Aunque parezca increíble, del 5 al 14 de octubre de 1582, en Italia, Francia, España y Portugal nada ocurrió, no se registraron batallas humanas para contarse en los libros, no hubo tormentas ni lluvias pasajeras, no silbó el viento en ninguna esquina; ¡vamos!, nadie dijo nada, ni malo ni bueno, y no se escuchó trino de pájaro alguno.

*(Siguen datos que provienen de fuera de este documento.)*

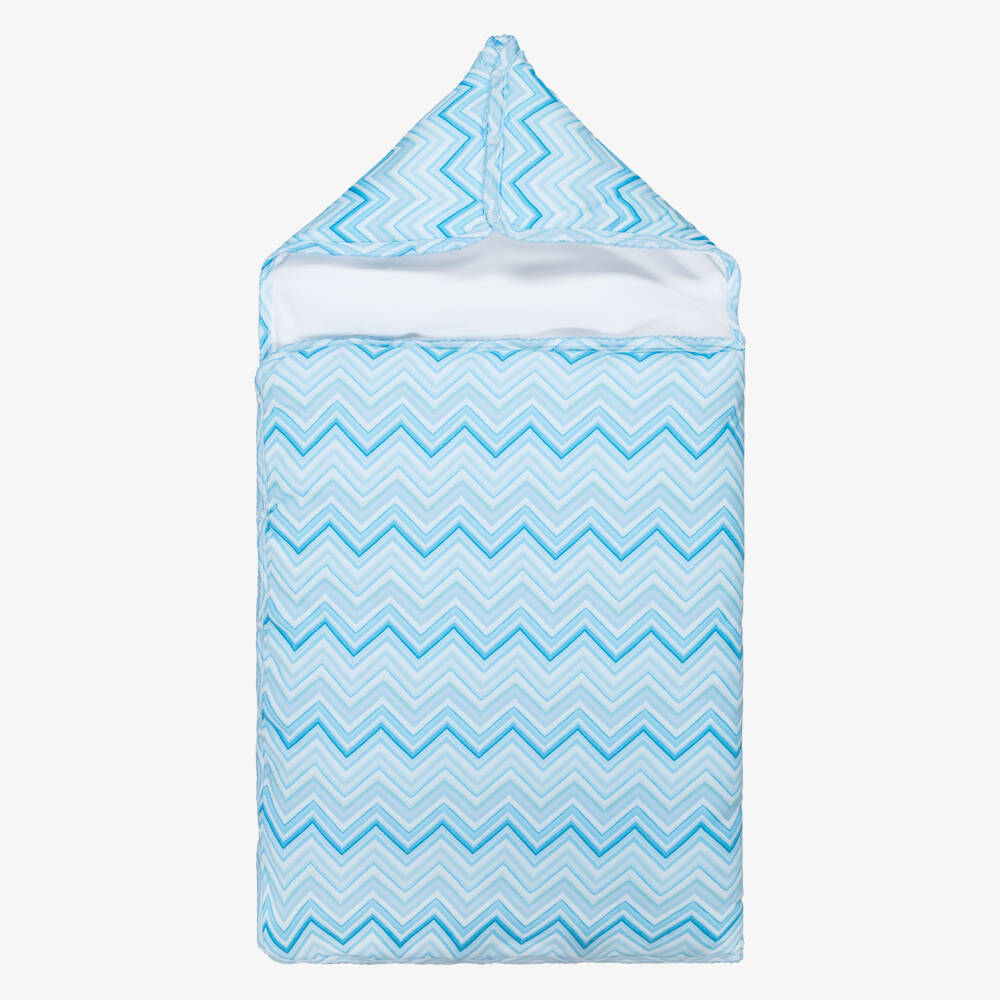 My Little Pie-Blue Zigzag Print Supima Cotton Nest (85cm) | Childrensalon Outlet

Quienes se metieron en cama a dormir en la noche del 4 de octubre, despertaron el día 15 del mes. Nada, no se puede contar absolutamente nada de los días intermedios, simple y sencillamente porque no existieron. Esto no respondió a un fenómeno paranormal, sino a un cambio de calendario: en los mencionados países se dejó de utilizar el Calendario Juliano y se comenzó a utilizar el Gregoriano, pues el primero venía registrando un desfase de diez días, los mismos que se ‘pasó a tijera’ en el segundo para llevar una cuenta de los años que correspondiera a la astronómica.

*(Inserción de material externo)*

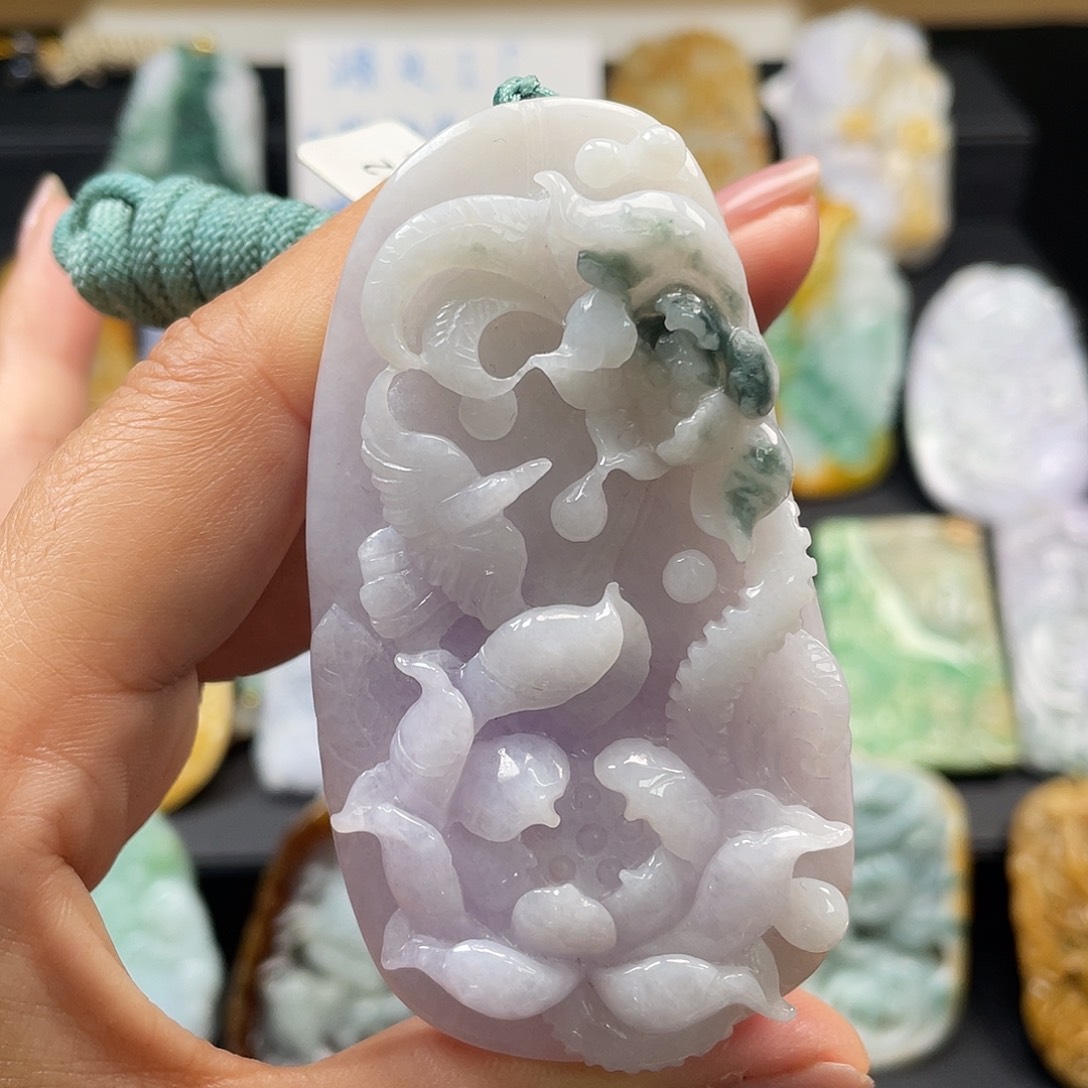 翡翠吊坠(不含链)未镶嵌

La creación del Calendario Gregoriano ocurrió en virtud de que el Papa Gregorio XIII vio que el acumulado de días afectaría la fecha de la Pascua; para evitarlo, creó la llamada ‘Comisión del Calendario’, integrada por expertos astrónomos, a fin de corregir el problema.

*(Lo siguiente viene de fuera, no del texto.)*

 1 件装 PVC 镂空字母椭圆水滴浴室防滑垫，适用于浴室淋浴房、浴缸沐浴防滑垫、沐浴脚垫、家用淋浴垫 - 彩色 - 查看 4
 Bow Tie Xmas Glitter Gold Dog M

El Calendario Juliano establecía la duración del año en 365 días y 6 horas, cuando en realidad debía ser de 365 días, 5 horas, 48 minutos y 45 segundos.
Mientras el Calendario Juliano se desfasó 11 minutos y 15 segundos por año -que al cabo de 1,600 años resultaron en 10 días-, el Gregoriano arrastra un día por cada 3,300 años. ¡Nada que hoy preocupe a nadie!